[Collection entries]
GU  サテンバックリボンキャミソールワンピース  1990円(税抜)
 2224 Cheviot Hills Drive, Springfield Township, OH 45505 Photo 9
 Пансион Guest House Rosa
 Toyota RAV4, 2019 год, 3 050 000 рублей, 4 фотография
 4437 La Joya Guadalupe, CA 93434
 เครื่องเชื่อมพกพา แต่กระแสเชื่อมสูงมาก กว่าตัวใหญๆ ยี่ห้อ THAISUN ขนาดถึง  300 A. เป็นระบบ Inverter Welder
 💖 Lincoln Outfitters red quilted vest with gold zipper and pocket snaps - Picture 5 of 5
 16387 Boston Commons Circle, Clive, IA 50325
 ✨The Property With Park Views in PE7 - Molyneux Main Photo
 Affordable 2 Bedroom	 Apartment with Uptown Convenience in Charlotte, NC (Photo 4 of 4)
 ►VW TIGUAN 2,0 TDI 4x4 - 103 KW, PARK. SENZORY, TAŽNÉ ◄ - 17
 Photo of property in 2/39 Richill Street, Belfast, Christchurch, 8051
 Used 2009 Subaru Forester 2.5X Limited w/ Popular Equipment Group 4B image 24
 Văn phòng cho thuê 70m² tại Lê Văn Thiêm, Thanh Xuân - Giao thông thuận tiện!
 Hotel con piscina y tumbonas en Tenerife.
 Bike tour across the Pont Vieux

▶ TASK BRIEF
Up to and including the line with "Used 2009 Subaru", transcribe the entries above exactly, starting from their first line.

▶ WRITTEN RESPONSE
GU  サテンバックリボンキャミソールワンピース  1990円(税抜)
 2224 Cheviot Hills Drive, Springfield Township, OH 45505 Photo 9
 Пансион Guest House Rosa
 Toyota RAV4, 2019 год, 3 050 000 рублей, 4 фотография
 4437 La Joya Guadalupe, CA 93434
 เครื่องเชื่อมพกพา แต่กระแสเชื่อมสูงมาก กว่าตัวใหญๆ ยี่ห้อ THAISUN ขนาดถึง  300 A. เป็นระบบ Inverter Welder
 💖 Lincoln Outfitters red quilted vest with gold zipper and pocket snaps - Picture 5 of 5
 16387 Boston Commons Circle, Clive, IA 50325
 ✨The Property With Park Views in PE7 - Molyneux Main Photo
 Affordable 2 Bedroom	 Apartment with Uptown Convenience in Charlotte, NC (Photo 4 of 4)
 ►VW TIGUAN 2,0 TDI 4x4 - 103 KW, PARK. SENZORY, TAŽNÉ ◄ - 17
 Photo of property in 2/39 Richill Street, Belfast, Christchurch, 8051
 Used 2009 Subaru Forester 2.5X Limited w/ Popular Equipment Group 4B image 24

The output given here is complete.